Un blogger: "J'arrete le Champix"

Il est inquiétant que ces effets secondaires ne soient médiatisés qu'à présent, alors que ce médicament a bénéficié d'une couverture pub digne d'un remède miracle.

En somme, vaincre la molécule nicotine, par une autre molécule, n'est il pas un mirage de plus. Ne sommes nous pas, encore fois, amenés à sous raiter notre bonheur à la puissance politique paternalisante. Encore plus d'infantilisation, toujours...

IMPORTANT : NOTE DU DIFFUSEUR

La personne responsable du blog où se trouve cette info m'a contacté.
Il m'apprend qu'après avoir contacté l'internaute, le témoins, il considère ce témoignage avec beaucoup de méfiance.
Mes commentaires, je les maintiens, ils ne semblent pas être contredits par cette note.


Un message transmis au Blog unairneuf.org. Publié le 15/03/07.

A lire.

J'arrête le Champix

[Témoignage de ST reçu par email hier soir]

J'ai lu quelques uns de vos articles autour de l'arrêt tabac. J'ai pensé qu'éventuellement mon témoignage à propos du Champix pourrait vous intéresser. Si ce n'est pas le cas, je vous prie de bien vouloir m'excuser du dérangement.

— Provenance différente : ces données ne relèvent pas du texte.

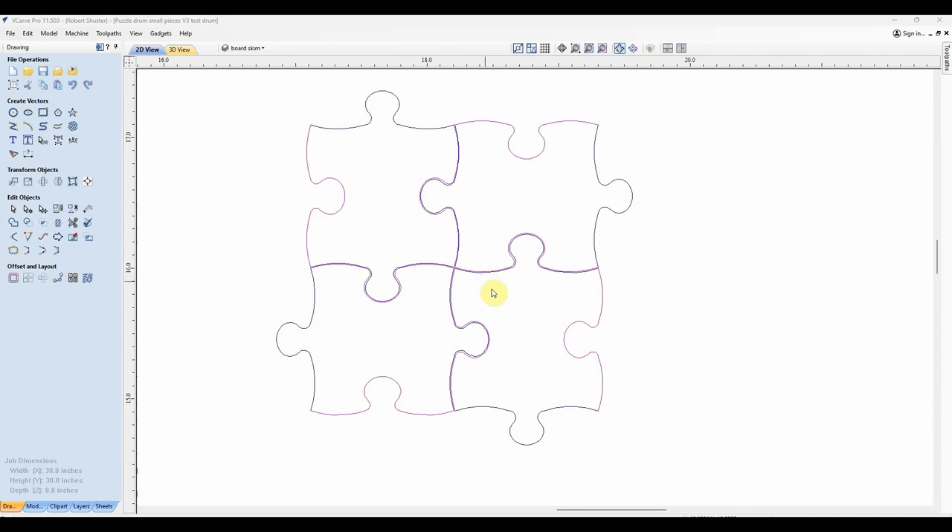Here we are in VCarve Pro, and here's the basic puzzle shape I'm working with. There are actually two basic shapes — the male and the female side. They're very similar because if you rotate one 90 degrees it'll fit, but there have to be some tolerances so it can slide together, or else it'll be too tight and they'll never go together.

Je prends les pilules Champix depuis 25 jours, j'ai arrêté de fumer il y a exactement 17 jours (pas une seule cigarette depuis). Mes résultats, loin de toute chapelle ou dogme :

Il y a beaucoup d'effets secondaires. Dès le début, j'ai ressenti des fortes nausées (nausées qui présentent au moins l'avantage d'être dissuasives pour la boulimie compensatrice), une alternance diarrhée-constipation (désolée pour les charmants détails, mais c'est du vécu comme je l'ai dit). Des vertiges de temps à autres, une fatigue intense par intermittence et depuis peu des papillons qui dansent devant les yeux (petites lumières argentées) et un genre de somnolence-perte de vigilance et perte de concentration qui m'a coûté un accrochage en voiture.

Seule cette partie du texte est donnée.